SWC-Net and Multi-Phase Heterogeneous FDTD Model for Void Detection Underneath Airport Pavement Slab

Void underneath a slab is a common damage type in airport cement concrete pavement. Existing methods mainly use ground penetrating radar (GPR) images and deep learning to detect the voids but face two problems: inherent limitation of image-wise deep learning and imperfect GPR datasets. This study has proposed a signal-wise cascade deep network (SWC-net) to detect voids underneath slabs, which was trained by a dataset with real-world and simulation GPR signals.

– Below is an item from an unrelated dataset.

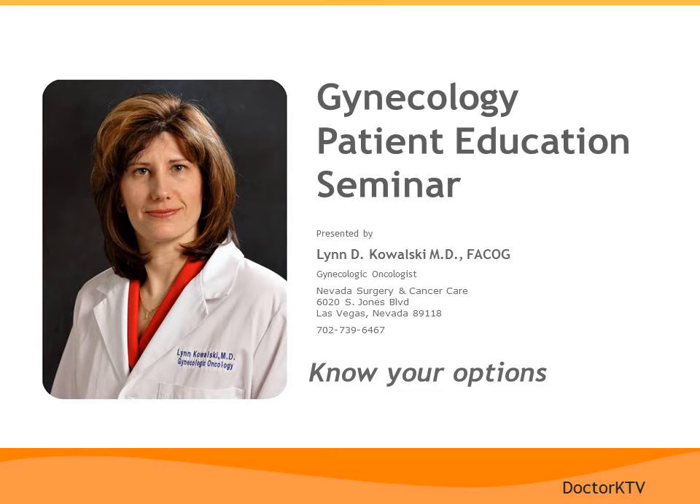Thank you for joining us today for this gynecology patient education seminar. I'm Dr. Lynn Kowalski, and I'm a board-certified gynecologic oncologist in Las Vegas, Nevada. I appreciate the opportunity to talk to you today because there have been some exciting new advances in the treatment of many common gynecologic conditions. The primary advance I want to talk about today is robotic-assisted surgery. From my experience incorporating robotic surgery into my practice, I hope to give you a feeling of the many benefits of minimally invasive surgery.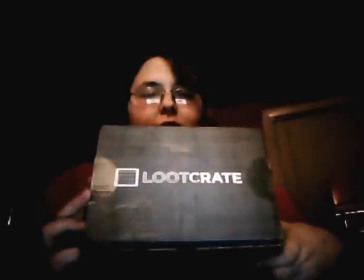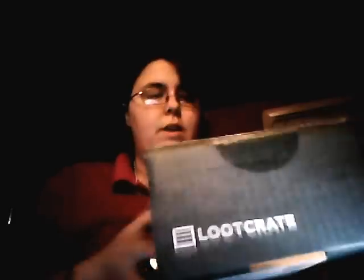Hi everyone! I can show some stuff today — I have my Loot Crate, my lipstick. Ta-da! This is my first box, so I'm excited to open it up.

In the study, a multi-phase heterogeneous pavement model was first built, in which each pavement layer was reconstructed based on the real-world morphologies and distributions of aggregates and other materials. The model was then used for the finite-difference time-domain (FDTD) simulation of GPR signal propagation. The simulation signals were merged with real-world GPR signals to generate a void signal dataset covering comprehensive pavement conditions. Finally, the proposed SWC-net was trained by the merged dataset to detect voids. The inputs of the network were the GPR signals, while the outputs were the signal classes and abnormal intervals of voids to perform signal-wise void detection. The experiments on Nanjing Dajiaochang and Xuzhou Guanyin airports showed that the FDTD results generalized the signal dataset by simulating different real-world conditions, while the proposed network outperformed the image-wise deep networks on void detection.